ARTICLE VIII: Meetings
a) There will be regularly scheduled membership meetings, the frequency of which to be decided by the Board of Directors. Special meetings of the members may be called by the President, by a majority of the Board of Directors, or by a petition signed by a minimum of ten members.
b) A quorum at any special meeting of the members shall consist of 10 % of the membership or 50 members, whichever is less. (Rev. 11/13/99 and 7/2007)
c) Due notice shall be given, stating the time, place, date, and purpose of any special meeting of the members, at least ten days before such meeting.
ARTICLE IX: Region Budget
a) The Club's fiscal year will be the calendar year.

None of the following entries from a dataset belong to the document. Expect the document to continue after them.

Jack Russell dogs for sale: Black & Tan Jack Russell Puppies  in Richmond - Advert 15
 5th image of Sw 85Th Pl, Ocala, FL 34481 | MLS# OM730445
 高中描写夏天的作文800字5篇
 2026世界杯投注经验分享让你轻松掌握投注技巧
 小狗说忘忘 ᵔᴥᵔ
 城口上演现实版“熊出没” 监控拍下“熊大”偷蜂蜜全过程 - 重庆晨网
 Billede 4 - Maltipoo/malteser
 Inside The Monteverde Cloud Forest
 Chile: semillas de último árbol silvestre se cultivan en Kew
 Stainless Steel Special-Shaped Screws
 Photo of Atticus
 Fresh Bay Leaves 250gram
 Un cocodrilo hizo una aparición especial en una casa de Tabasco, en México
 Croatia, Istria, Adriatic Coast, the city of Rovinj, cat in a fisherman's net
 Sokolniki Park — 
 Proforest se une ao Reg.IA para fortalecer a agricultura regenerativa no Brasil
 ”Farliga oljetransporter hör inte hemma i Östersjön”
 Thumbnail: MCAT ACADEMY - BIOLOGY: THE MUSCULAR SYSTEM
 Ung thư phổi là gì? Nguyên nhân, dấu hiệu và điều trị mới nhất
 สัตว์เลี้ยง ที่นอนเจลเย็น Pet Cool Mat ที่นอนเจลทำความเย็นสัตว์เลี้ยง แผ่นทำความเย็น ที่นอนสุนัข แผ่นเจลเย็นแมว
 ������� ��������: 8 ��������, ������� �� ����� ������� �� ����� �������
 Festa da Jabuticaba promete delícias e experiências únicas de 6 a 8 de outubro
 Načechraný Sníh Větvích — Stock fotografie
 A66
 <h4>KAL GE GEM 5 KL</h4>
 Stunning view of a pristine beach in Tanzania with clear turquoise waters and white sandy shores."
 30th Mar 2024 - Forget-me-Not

b) A Budget Committee shall meet in order to formulate a proposed budget for the following year. This Committee shall meet during the month of December.
c) The Committee shall be made up by the Past or outgoing President, the continuing or incoming President, the continuing Treasurer, or the outgoing and the incoming Treasurer.
d) The Budget Committee shall present the proposed budget at the January Board/Transition Meeting for review and voting.
e) If the Budget is not approved at the January meeting, the Budget Committee will make appropriate changes and submit the budget for vote at the February Board Meeting.
ARTICLE X: Amendments to the Bylaws
a) Amendments to these bylaws may be proposed by the Board of Directors or by any ten or more members in good standing. Amendments submitted by the general membership must be in writing and signed by those members submitting such proposed amendment(s).
b) The Board of Directors shall publish the proposed amendment(s) in the Club's official publication and shall arrange for a vote of the members. The affirmative vote of two-thirds of those voting shall be required for approval.